Implantable probes for light-sheet illumination at arbitrary brain depths
We have also developed implantable neural probes that generate controllable and addressable light sheets at depth for light-sheet fluorescence microscopy (LSFM) (Fowler, 2019; Sacher et al., 2019b). Figure 9b shows these photonic neural probes deliver sheets of light parallel to the surface of the brain. The light sheets are synthesized from the emission of rows of grating couplers (GCs) that are designed to provide large emission divergences along the sheet width axis and small divergences along the sheet thickness axis. An array of input edge couplers is spatially addressed by the methods described above; they enable independent control of the multiple light sheets. Our first-generation prototypes generate five sheets that can be rapidly switched (Fowler, 2019; Sacher et al., 2019a, Sacher et al., 2020). Working with our photonic foundry collaborator, Advanced Micro Foundry (AMF), we fabricated these probes using a 200 mm wafer-scale process. Using free space beam profiling, average light sheet thicknesses between 10 and 15 μm were measured for sheet propagation distances between 100 and 300 μm.
Current limitatons and developments
Critical for scale-up and mass production are robust and reproducible methods for what is termed device packaging. While envisioning the packaging requirements for a planar electronic chip is straightforward, for integrated neurophotonic systems this is more complex. Here, we require a rather significant number of high-quality photonic and electronic connections to the outside world. Accordingly, new and sophisticated packaging methods must be innovated. Our present methodologies (as well as those of most other groups) are still more akin to handcraft than to bona fide engineering technology. While focus upon this area may at first glance seem rather pedestrian, development and investment of in packaging methods for integrated photonics is essential for this technological paradigm to become robust, reproducible, and widely deployable. Ultimately, to achieve mass production, these packaging processes must be automated.
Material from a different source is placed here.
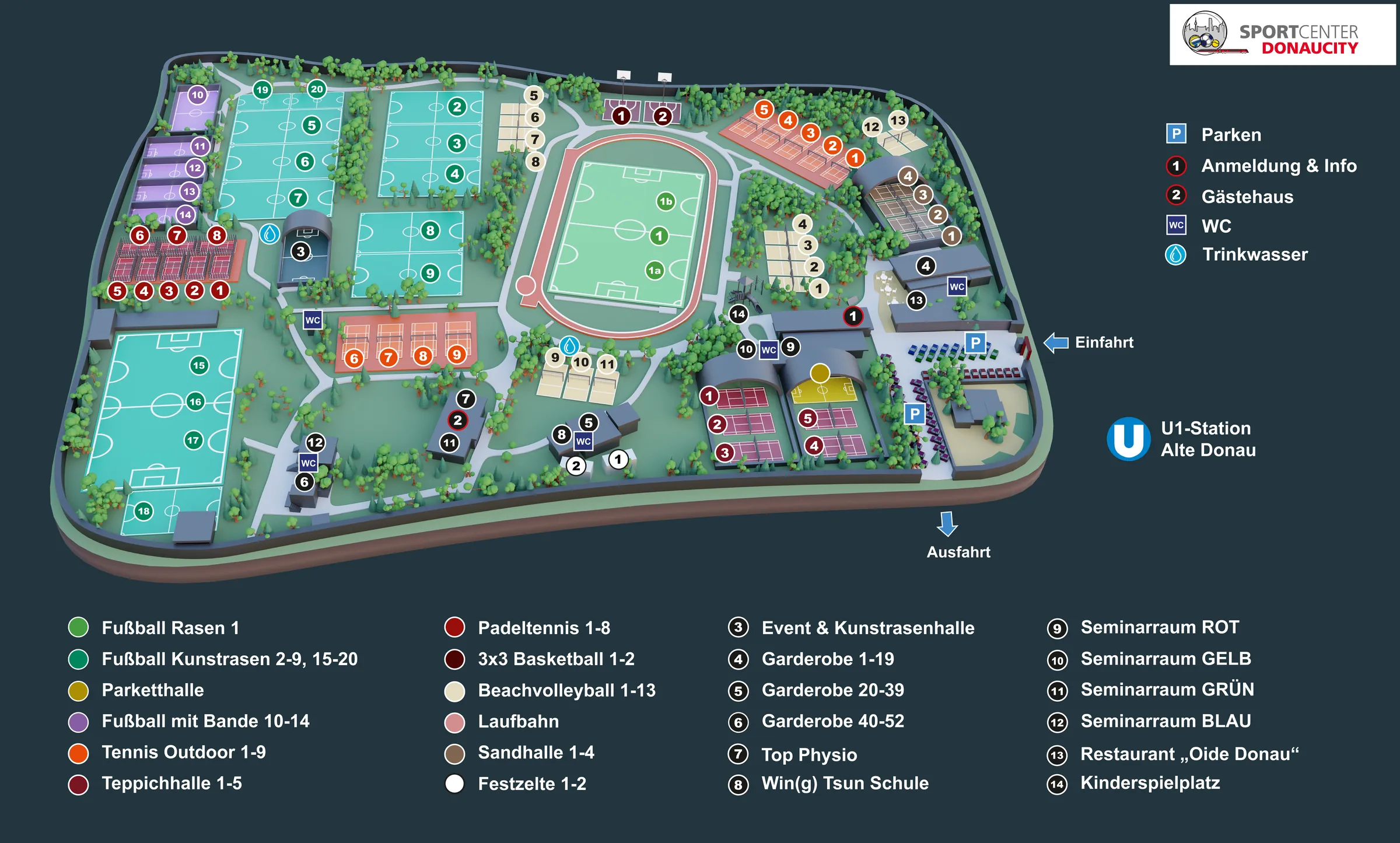 Lageplan Sportcenter Donaucity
It is worth noting that microchip technology for electronics also had to carefully address similar issues to attain mass production, robustness, and reproducibility.
Currently, a principal source of optical loss in our neurophotonic probes is the fiber-to-chip edge couplers, which exhibit coupling efficiencies of ~15% at the 488 nm wavelength in our current work. In addition, the aperiodic spacing of the cores in the fiber image bundle coupled to the probe chips add insertion loss due to misalignment between the fiber cores and the edge couplers. By adopting more complex, multi-layer photonic integration - wherein multiple waveguide layers are vertically integrated on-chip - these optical transmission limits will be surmounted. Following similar strategies used for Si photonics at infrared wavelengths (Fang et al., 2010; Park et al., 2013), our simulations indicate that bilayer SiON-SiN edge couplers can achieve broadband coupling efficiencies approaching ~80%. Furthermore, integrating multiple SiN waveguide layers that can cross over one another with low optical losses and crosstalk (Sacher et al., 2017) will enable higher densities of grating coupler emitters.
Active D-pixel arrays: SPADs
Concurrent with our development of integrated photonics for E-pixel arrays, we have also designed and fabricated CMOS photon-counting imaging arrays with the form factor of an implantable shank. These permit fluorescence imaging deep within brain tissue (Figure 9) (Choi et al., 2020; Choi et al., 2019; Lee et al., 2019). In one of our recent prototypes, a D-pixel array consists of 512 single photon avalanche diodes (SPAD) aligned in a linear configuration spanning the length of the shank. Their field-of-view is to the side, to maximize the ratio of observable tissue to that displaced during insertion (Rustami et al., 2020). This configuration allows the probe to monitor neurons along its length, in contrast with typical endoscopic fibers that solely image near their tips. This advance provides an order-of-magnitude larger field-of- view. Digital addressing and data readout of these pixels also makes our solution highly scalable - in this prototype, 32,768 pixels are multiplexed using only 15 parallel wires running along the shank. As mentioned, an important design goal for miniature neural probes is attainment of small cross-sectional areas to suppress immune response and avoid gliosis after implantation. Accordingly, we post-process the acquired rectangular CMOS dies into 100μm wide, 40μm thick shanks, with length of 4.1 mm. This yields an insertion cross section similar to that of a 70 um-diameter endoscopic fiber.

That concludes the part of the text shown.